Thank you for adding to the corpus of understanding the educational assessment of analog games, a topic which has been too often bypassed for just digital game deployment – or left at the level of the (admittedly sometimes great) works done on educational (e.g., management) simulation games in the 50’s to 70’s.
One volume that you may find of interest on this topic is the book “New traditional games for learning” edited by Moseley and Whitton (Routledge, 2013), which discusses various types of analog games in educational contexts – and well correlates with your own ideas.
Thanks for this great overview! I look forward to exploring these educational games with your points in mind.

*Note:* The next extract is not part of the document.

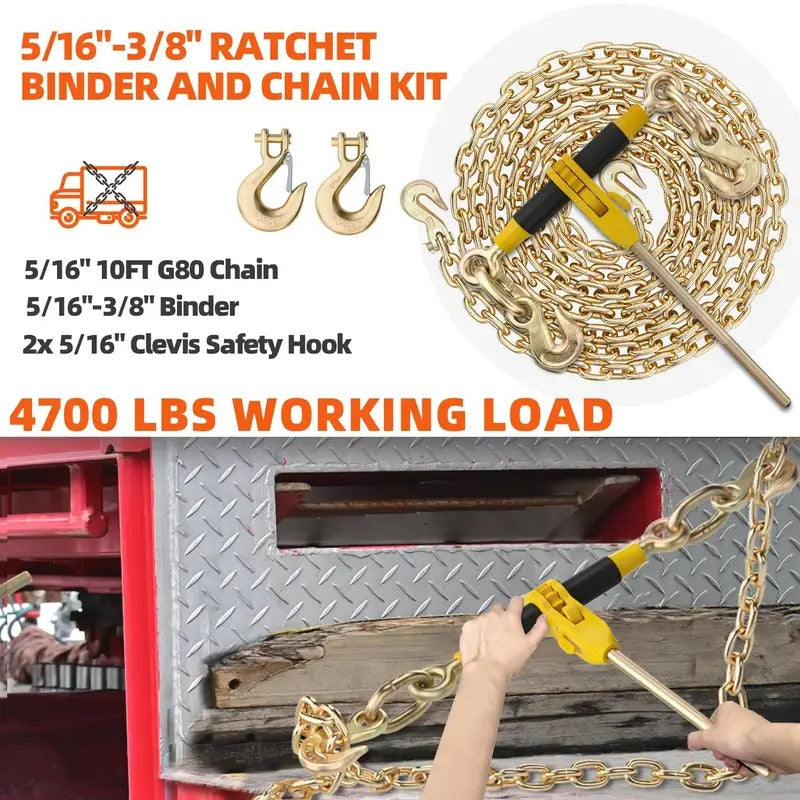 Ratchet Load Binders and Chains Set | 4700lbs WLL 5/16"x10FT G80 Transport Tow Chain | Detachable 5/16"-3/8" Chain Binders Ratcheting | 2 Latch Hook |18800lbs Break Strength for Truck Trailer Tie Down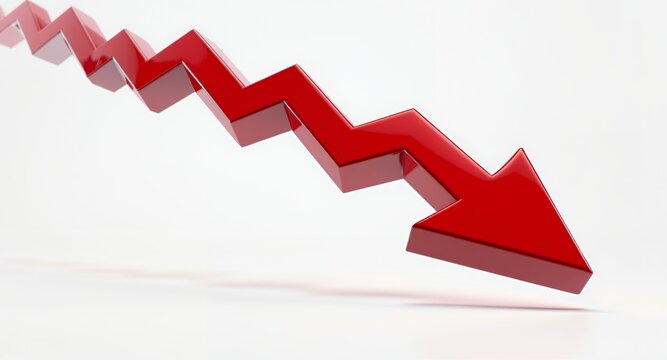 Red Downward Trend Arrow Visualizing Market Decline Economic Downturn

However, I suspect you are misrepresenting the Talk The Talk game – my interpretation of your words says that players complete the scenario phrase with the descriptors like “blogger” “cheerleader” etc, whereas the rulebook I downloaded indicates the player makes up their own question to end the scenario phrase, and the descriptor cards are used to generate a character who then gives advice in response. Perhaps worth a second look?
Hello Morgan!
It’s an oversight on my part but I should have elaborated a bit more about the flexibility of the games I’ve used as examples. All of them, Talk the Talk, My Gift of Grace, and Beyond the Storm are good examples of that socially negotiated game play – people can change the content of the game on the fly without difficulty and often with pre-built rules. In Talk the Talk, you can make up your own questions and modify aspects of the play. Beyond the Storm follows a similar mechanic too where you can create a limited amount of your own response cards during the game. My Gift of Grace allows for even more flexibility since there is no judge (apart from tie-breaking). Hopefully that clarifies my statements as I don’t want to misrepresent these great games.